Nota. - Nein, es ist nicht die Tücke des Objekts, die uns Dinge wahrnehmen lässt, die wir gar nicht sehen konnten, sondern wiedermal eine trickreiche Beschaffenheit des eignen Gehirns. Sich ihm eingeprägt haben unter Bedingungen, bei denen es einen Überlebensvorteil war, sich etwas Unvollständiges sinnvoll zu ergänzen. Sinn-voll, das ist der springende Punkt: so, dass man mit ihm "umgehen" kann, wie man es eingeübt hat; als ein Ganzes erkennt, wo die optische Erfassung mangelhaft war.

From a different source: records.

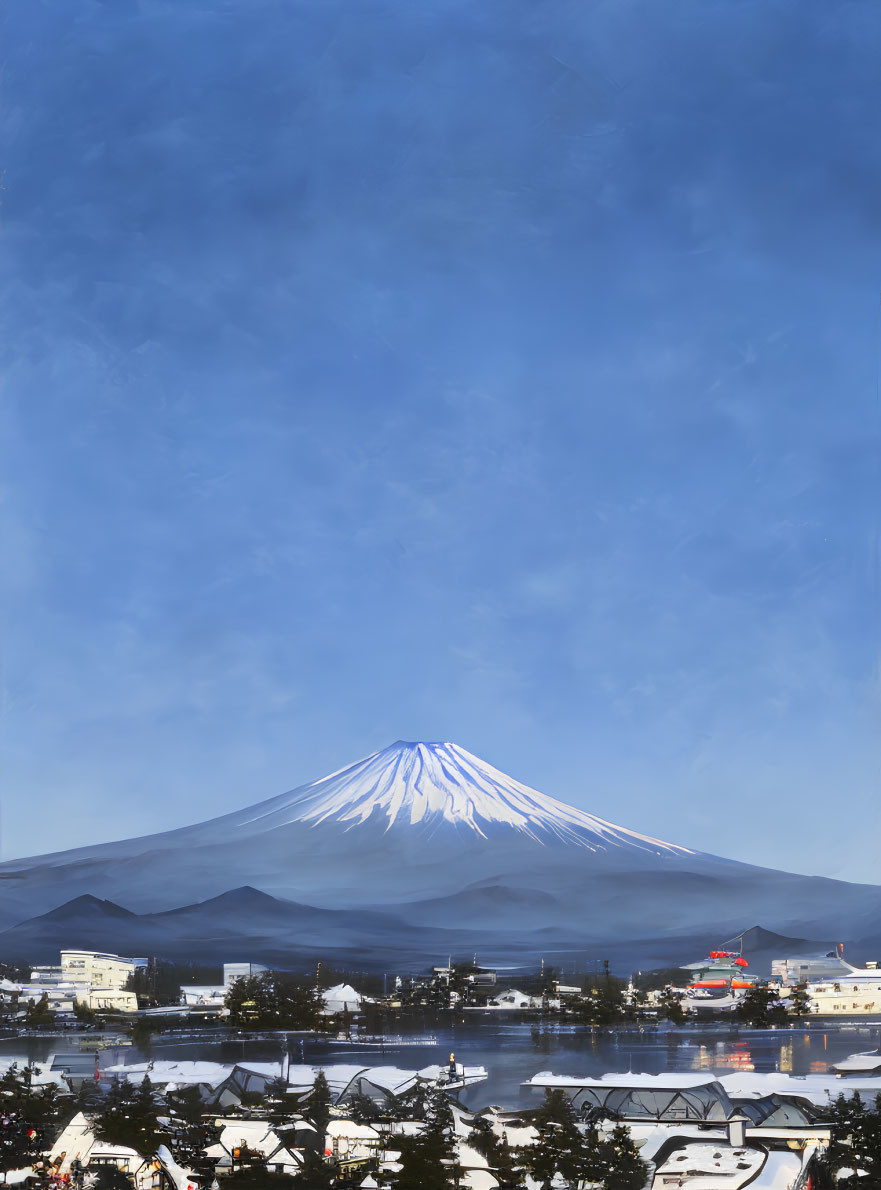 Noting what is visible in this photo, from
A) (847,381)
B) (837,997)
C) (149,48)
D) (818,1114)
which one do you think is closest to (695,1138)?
(818,1114)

Schaden wird es selten, denn Feinheiten kann man nachträglich korrigieren, ohne dass etwas verloren geht. 

Das ist kein Geniestreich der Evolution, sondern quasi selbstverständlich, wenn man den Organismus apriori als tätig auffasst.

Man kanns aber auch schlichter ausdrücken: Kleinigkeiten darf man übersehehn. Aber das geht nicht, indem man etwas wegnimmt, sondern indem man etwas hinzufügt.